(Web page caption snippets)
[Start of section]

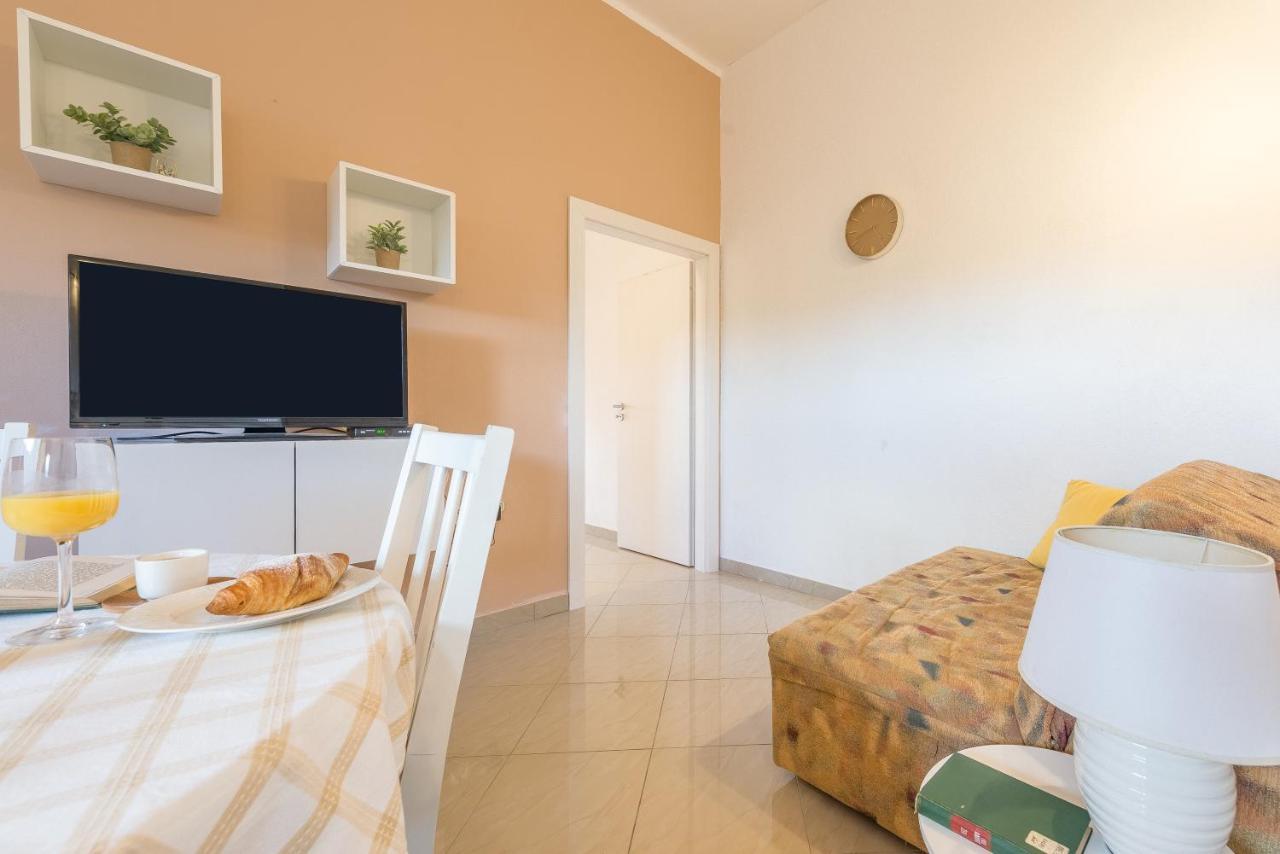 Apartments Maria Kukljica Εξωτερικό φωτογραφία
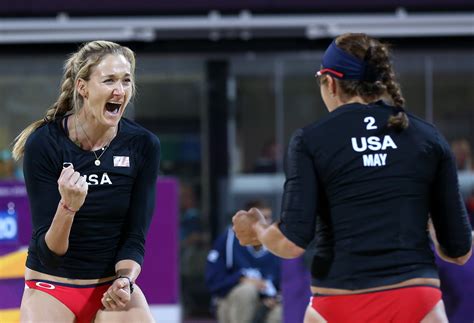 Misty May Treanor And Kerri Walsh Hitting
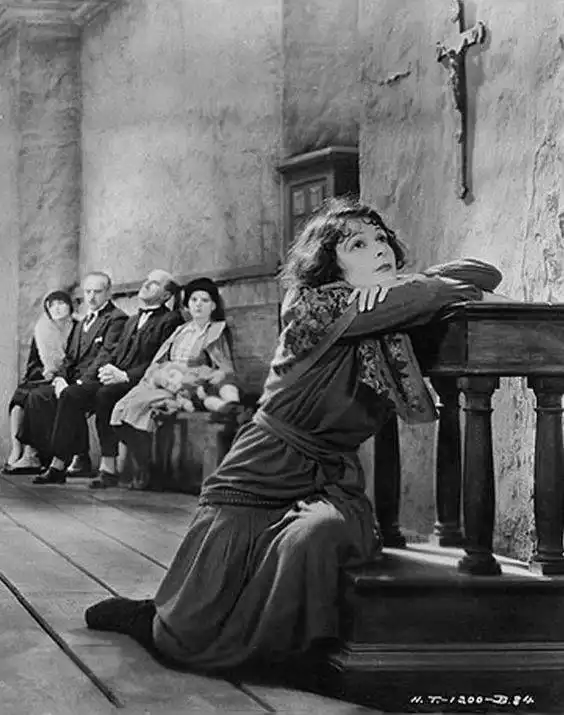 The Woman Disputed photo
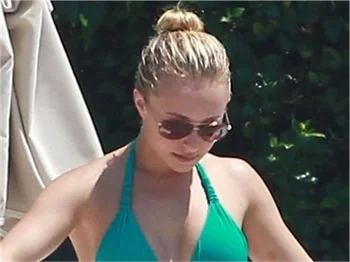 Hayden Panettiere’den sereserpe bir tatil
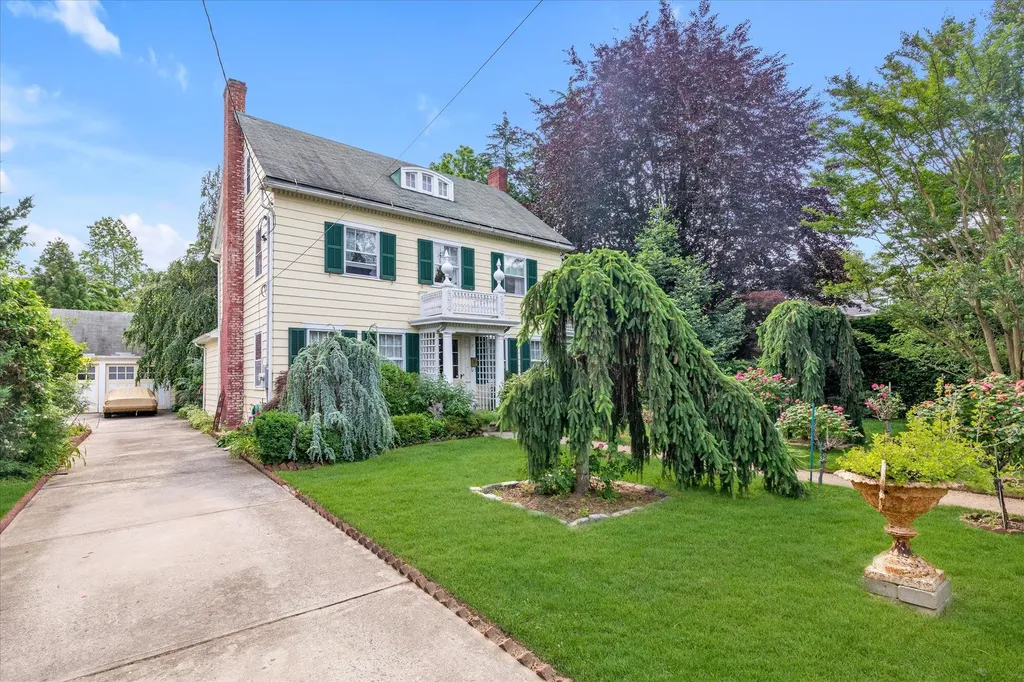 2485 Park Avenue Baldwin NY 11510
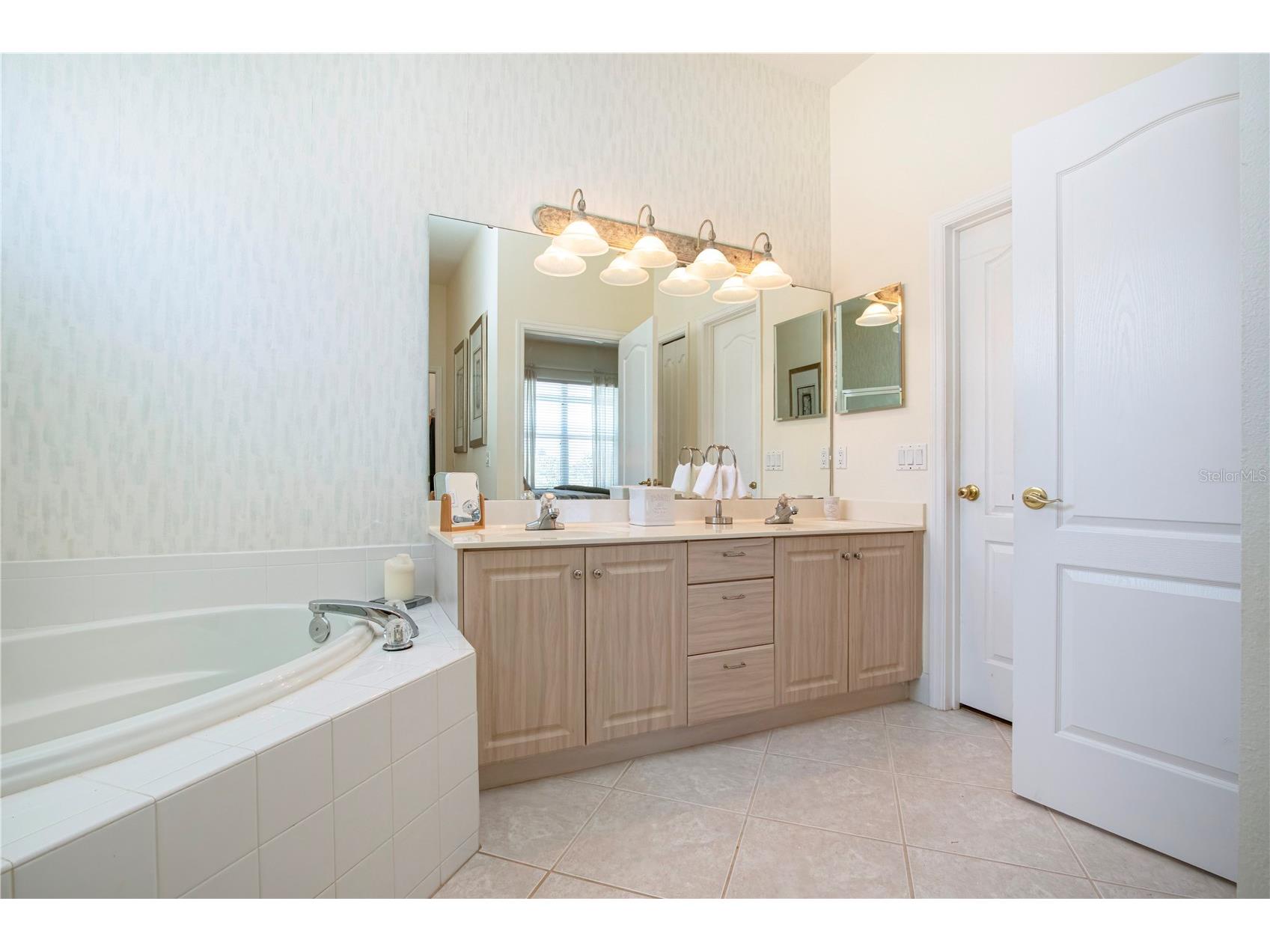 9448 Forest Hills Circle Sarasota FL 34238 TB8484374 image33
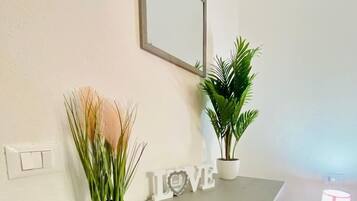 Apartemen, 2 kamar tidur | 2 kamar tidur dan didekorasi berbeda-beda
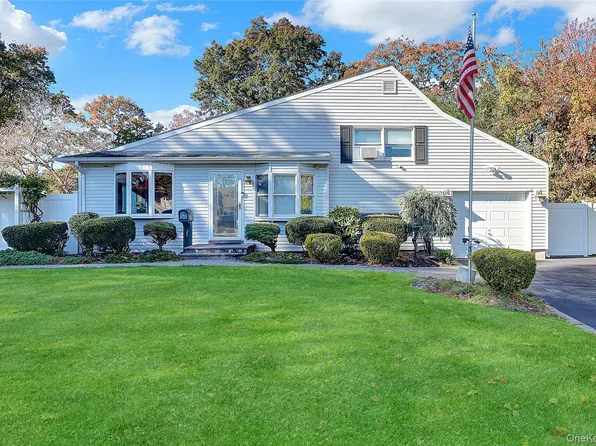 2 Fawn Place, Smithtown, NY 11787
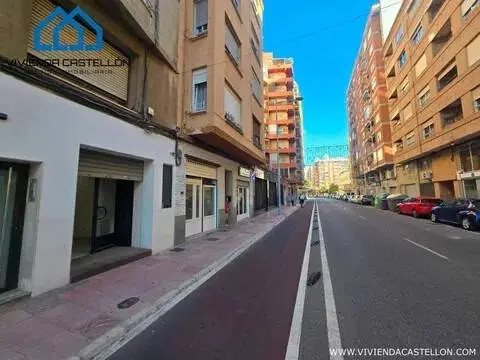Local comercial en calle de Herrero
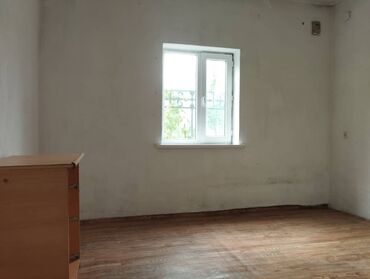 Долгосрочная аренда домов: 38 м², 2 комнаты, Парковка, Забор, огорожен at lalafo.kg Долгосрочная аренда домов: 38 м², 2 комнаты, Парковка, Забор, огорожен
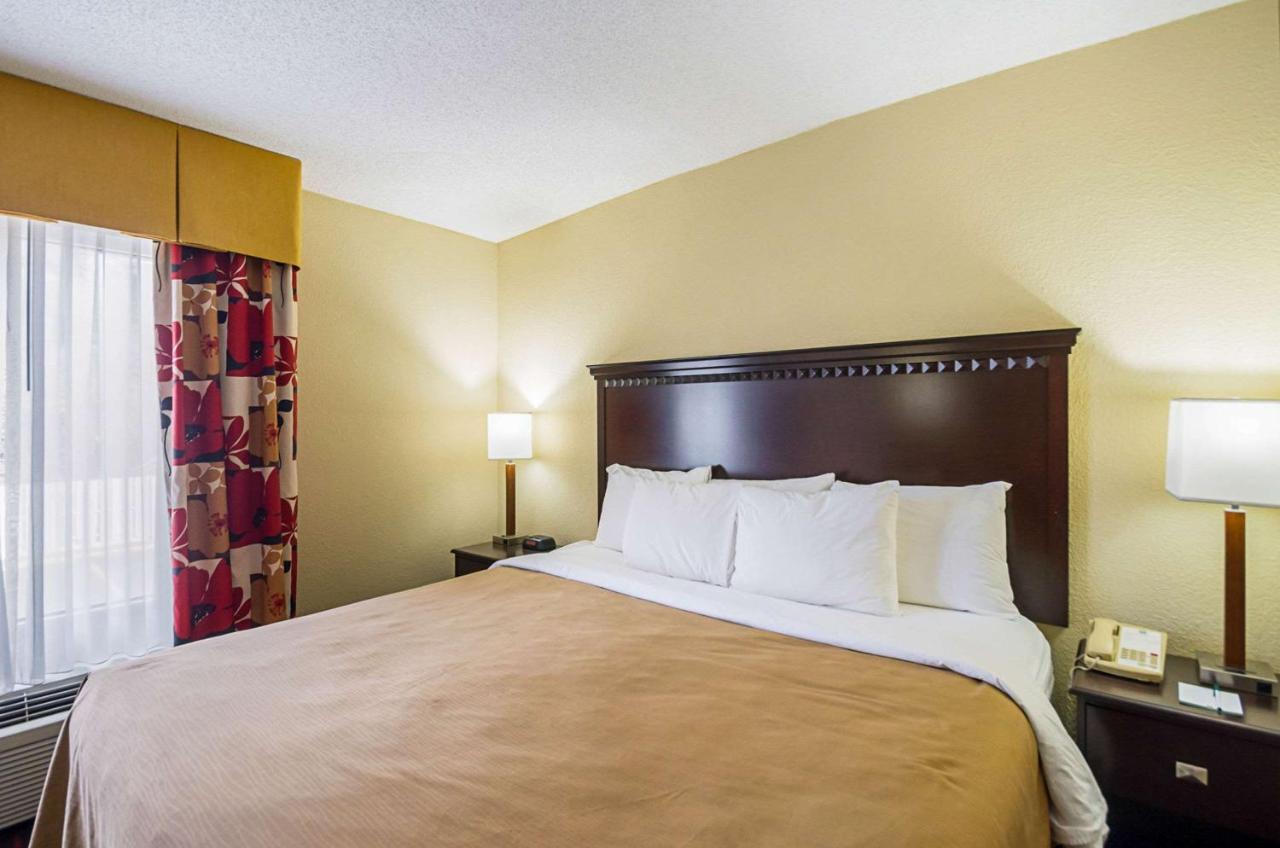 King Suite - Non-Smoking at Quality Inn & Suites Hagerstown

[End of section]

Task brief ▸ Please repeat, exactly as written, the lines in the records above, starting with the one that has "Misty May Treanor And Kerri Walsh Hitting" and going on through the one that has "2 Fawn Place, Smithtown, NY 11787". Pictures are to be left out.

Answer section ▸
 Misty May Treanor And Kerri Walsh Hitting
 The Woman Disputed photo
 Hayden Panettiere’den sereserpe bir tatil
 2485 Park Avenue Baldwin NY 11510
 9448 Forest Hills Circle Sarasota FL 34238 TB8484374 image33
 Apartemen, 2 kamar tidur | 2 kamar tidur dan didekorasi berbeda-beda
 2 Fawn Place, Smithtown, NY 11787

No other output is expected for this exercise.